What is required: What you return must be exactly the lines from the beginning of the material through the line containing "Moonlight Activity In", both included, and no pictures.
Dataset content section start
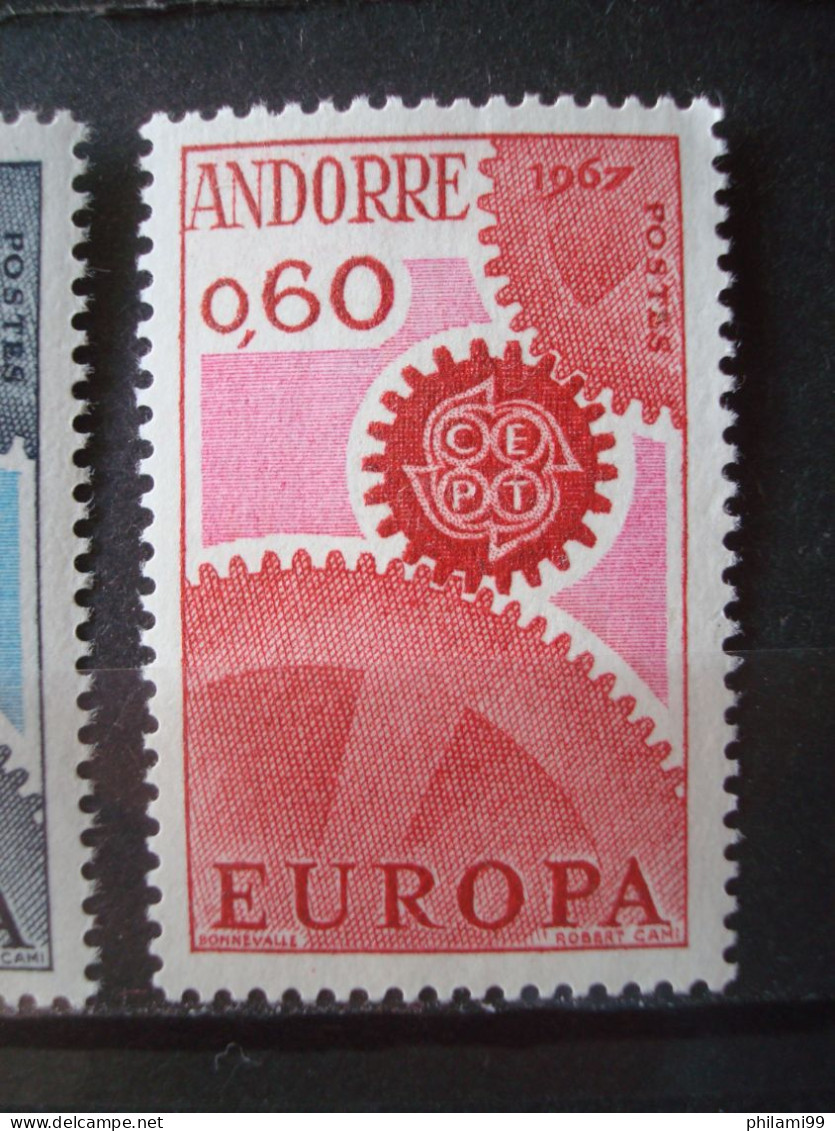 ANDORRA FR 1967 MNH** (15x) COT. Mi. 15x12 = 180 € EUROPA - Sammlungen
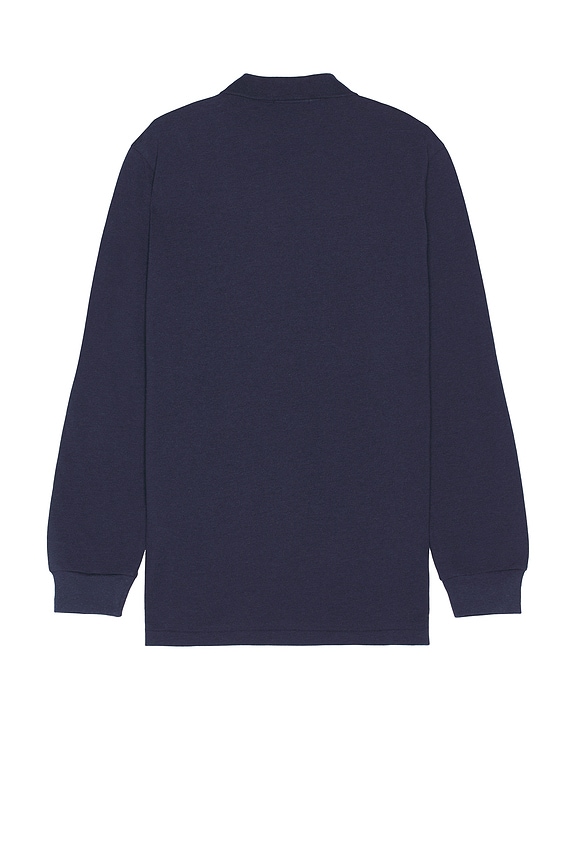 view 2 of 5 Classic Long Sleeve Polo Shirt in Spring Navy Heather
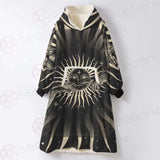 Moonlight Activity In Vintage SDN-1069 Oversized Sherpa Blanket Hoodie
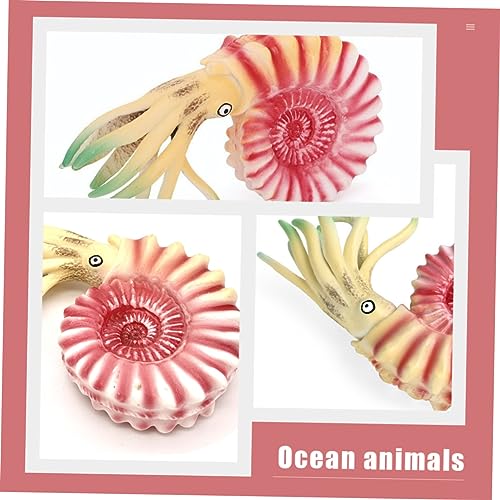 SAFIGLE Modelo Nautilus De Peluche De Juguete Nautilus Realista Nautilus Océano Animales De Peluche Nautilus De Peluche De Juguete Nautilus Animal De Peluche Juguetes Educativos Modelo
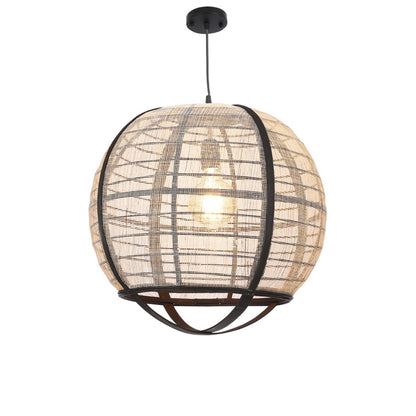 Hanglamp Pella, H44 x Ø45 cm - Linnen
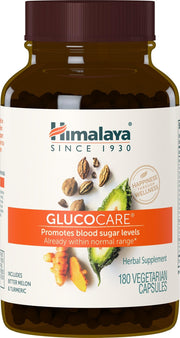 Himalaya GlucoCare bottle front view highlighting metabolism support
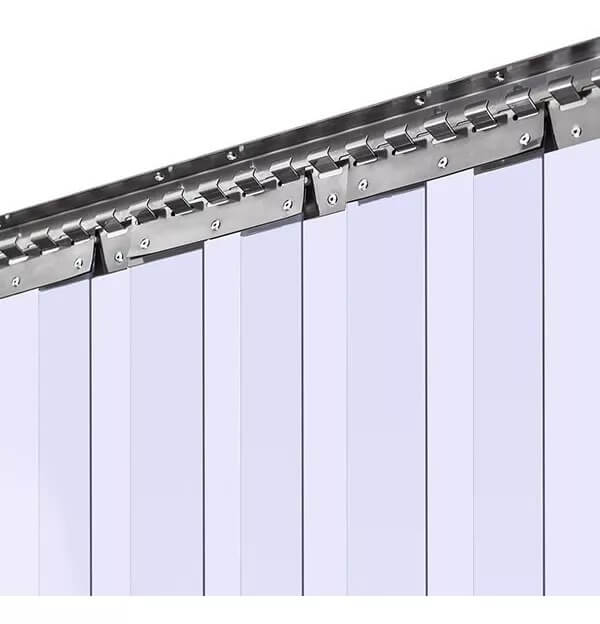 Barral Acero Inoxidable P/cortina Frigorífica 200mm X 1 Mt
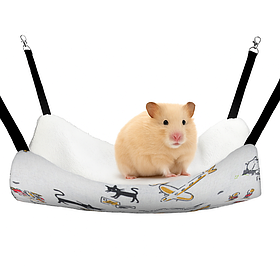 Гамак для тварин RIAS CC-S "Мультяшні котики" 26×26 см White (3_07645)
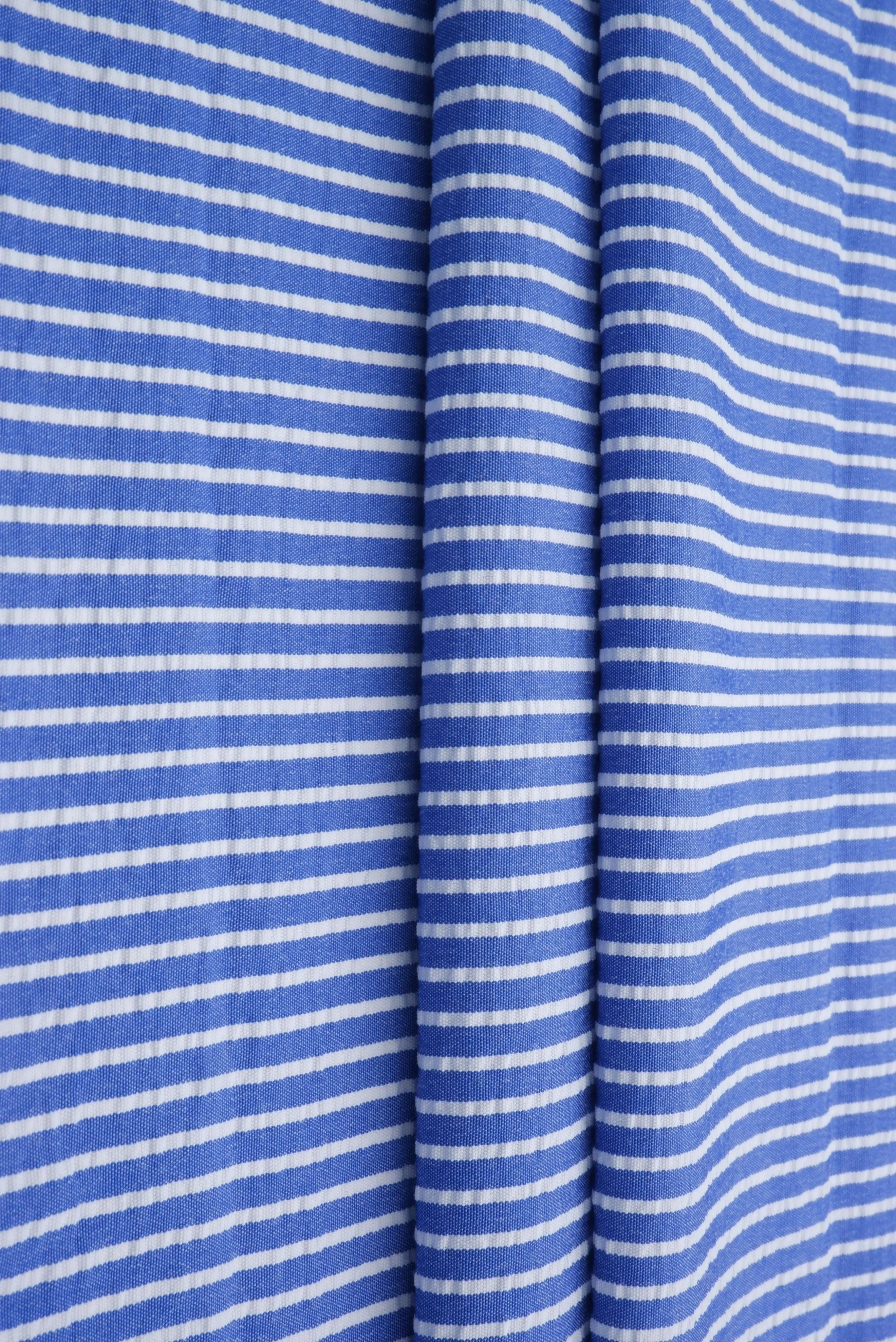 Seersucker Stripe Polyester Rayon Woven Fabric - POP4621 - Fabric Selection WS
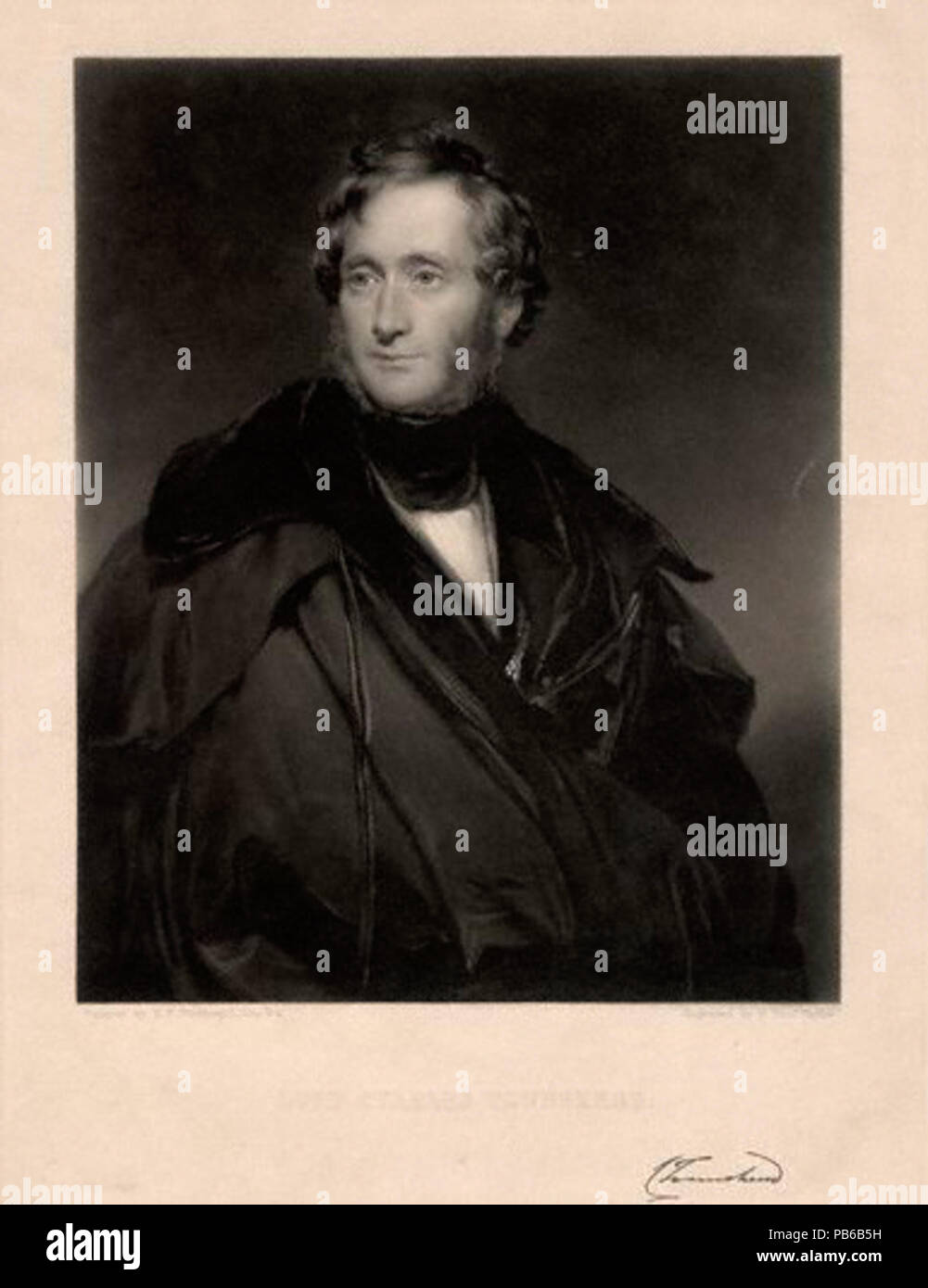 Durch; nach G.T. Payne; Henry William Pickersgill, Drucken, ausgestellt (1832) 936 Lord Charles Townshend Stockfoto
Dataset content section end
Answer below:
 ANDORRA FR 1967 MNH** (15x) COT. Mi. 15x12 = 180 € EUROPA - Sammlungen
 view 2 of 5 Classic Long Sleeve Polo Shirt in Spring Navy Heather
 Moonlight Activity In Vintage SDN-1069 Oversized Sherpa Blanket Hoodie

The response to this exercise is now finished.